Qual è il fattore che più degli altri ci condiziona nel valutare un disco? Io dico le aspettative più o meno si possono riporre prima di una pubblicazione. Le seghe mentali contano più del disco in sé, perché un album mediocre di una grande band è spazzatura, se invece ci si imbatte in un discreto lavoro d’esordio si grida al capolavoro della “next big thing”.
I Passion Pit non rientravano nella lista dei miei interessi, tanto che questo "Gossamer" non era sulla mia agenda di ascolti o acquisti.
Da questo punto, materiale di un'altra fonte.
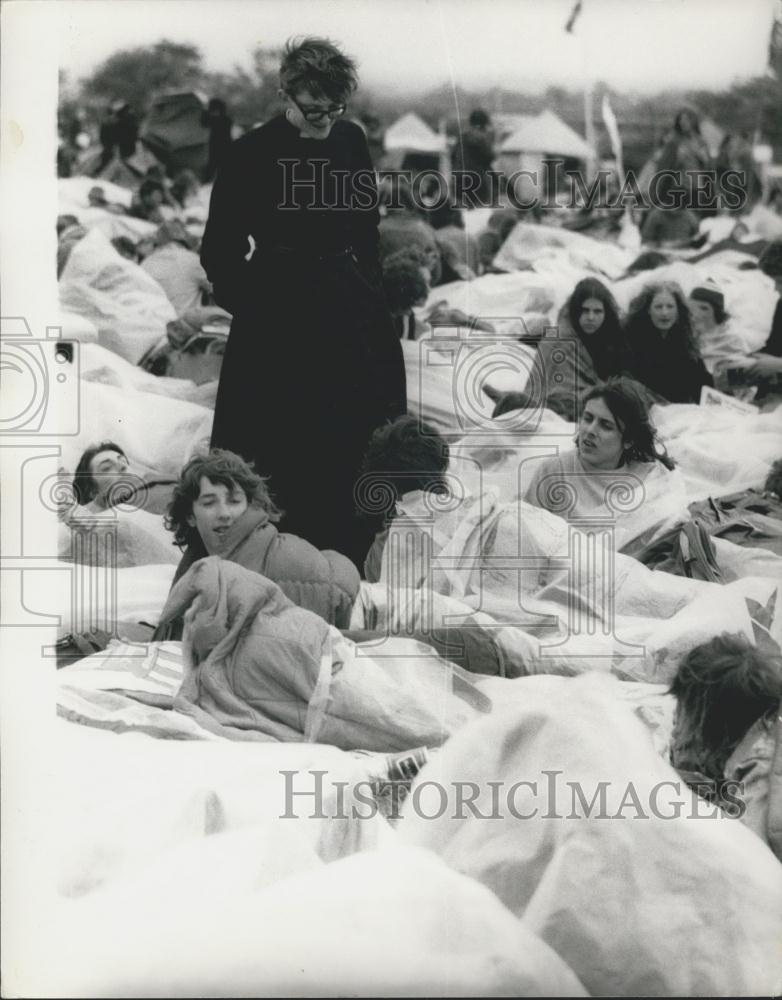 1972 Press Photo Priest Walks Among Crowd Great Western Pop Festival - Historic Images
Qualche giorno fa surfando la rete a caso ho letto dei problemi di salute mentale del frontman, Micheal Angelakos. Tempo dopo, su quel fottutissimo canale del tubo chiamato VEVO, era in evidenza il primo singolo tratto da "Gossamer", intitolato “Take a Walk”, e l'ho ascoltato tanto per. Forse influenzato da quanto avevo letto, la canzone e il video mi hanno trasmesso sensazioni contrastanti: leggerezza e malinconia, tristezza e spensieratezza.
E’ inevitabile che le seghe mentali ad un certo punto possano prendere il sopravvento sulla ragione, per cui questo singole m'e gustato assai per un nescio quid che non so spiegarmi. Quindi cerco l’album in streaming per un primo ascolto veloce e non ho una grande sensazione. Riascoltando più volte “I’ll Be Alright” mi sembra di metabolizzarne sempre più i suoni e mi viene da concedere un’altra possibilità a “Gossamer”. Non me ne sono pentito affatto.
“Gossamer” insegna che se hai un problema devi continuare a sorridere alla vita, non per illudere gli altri, ma per fare forza a te stesso. Lo custodisco con i migliori, per me, dischi dell’anno (ad oggi) insieme a Maccabees, alt-J, Enter Shikari, Neil Young e Cribs.